- The extensive drought in Somaliland's interior Togdheer region is leading to a growing humanitarian crisis for the assessed 350,000 people living there. While water sources are drying and livestock is diminished, social services are collapsing, a new report warns.
The US agency Famine Early Warning Systems (FEWS) yesterday published an assessment of the food security situation in the Togdheer region, located south-east of Somaliland's main cities Hargeisa and Berbera. The arid interior zone, at the Ethiopian border, is facing heavy consequences of a prolonged drought, the field study showed.
Livestock production is the main economic activity providing food, income and employment in the region. "A combination of inadequate pastures, livestock diseases, high consumption and disposal has reduced livestock ownership with mortality rates estimated at 40-50 percent for shoats and 15-20 percent for camels," the FEWS study found.
The food security situation therefore is becoming critical. According to the study, there is now "nil production and consumption of milk and ghee, with consumption of meat from dying stock contributing a significant food source."
Food purchases from the markets were further reported to have declined because of reduced livestock prices, and increased cost of imported food commodities. Local food production (sorghum and maize) was negligible. It was anticipated that the food security would deteriorate as the drought persists. In general, therefore, "households' energy intake has reduced," the FEWS study found.
The ongoing drought has reduced the poor households' food source and income. According to FEWS, "livestock deaths are expected to increase during the coming dry season - from January to mid April - due to water and pasture depletion."
The lack of water is now also becoming an enhanced problem for the region's human population. According to the study, access to water in general is limited for the poor groups. "Generally, the water infrastructure is in poor condition with poor sanitary conditions. The quality of water is poor and deteriorating."
The combined factors of dropping food availability and lessened access to clean water are now seriously affecting the health situation of the population in the Togdheer region. Acute malnutrition was frequently observed, in addition to an increase in the prevalence of diarrhoeal diseases, measles, whooping cough and ARI.
In this deteriorating situation, also the limited social services offered by the Somaliland government have started to erode. Access to health services is increasingly limited although the government still is handing out 'the Renewal Health Post kits'.

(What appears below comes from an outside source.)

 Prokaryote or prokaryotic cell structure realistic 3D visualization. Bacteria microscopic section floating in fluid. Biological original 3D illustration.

Also the region's educational system is withering as the crisis grows stronger. The schools' drop out rate is now believed to reach about 43 percent, with two schools closed due to severe drought and migration. FEWS warns that "school dropouts will increase in the affected rural areas," causing long-term damages to the development of the region.

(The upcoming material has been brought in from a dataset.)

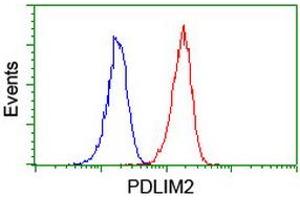 Image no. 3 for anti-PDZ and LIM Domain 2 (PDLIM2) antibody (ABIN1500127) (PDLIM2 Antikörper)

Finally, also the environmental situation in the Togdheer region was observed to be deteriorating, probably with permanent consequences. "There has been extensive rangeland degradation leading to loss of nutritive forage and browse," the FEWS observer team noted.

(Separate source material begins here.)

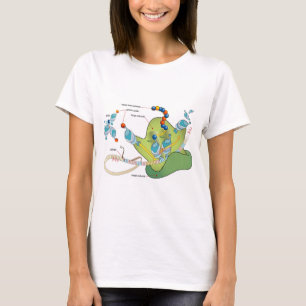 Camiseta Diagrama de moléculas de mRNA tRNA ribossomo prote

- The establishment of illegal private enclosure has reduced communal grazing land, the report added. "There is significant tree cutting for charcoal production and for fencing off these enclosures. Gully formations have increased."
The FEWS team recommended the government and international society to enhance its support to the drought-ridden region. Free food distribution is already being launched, but the FEWS report also emphasised on the need to intervene in human and animal health and to stop the region's environmental degradation.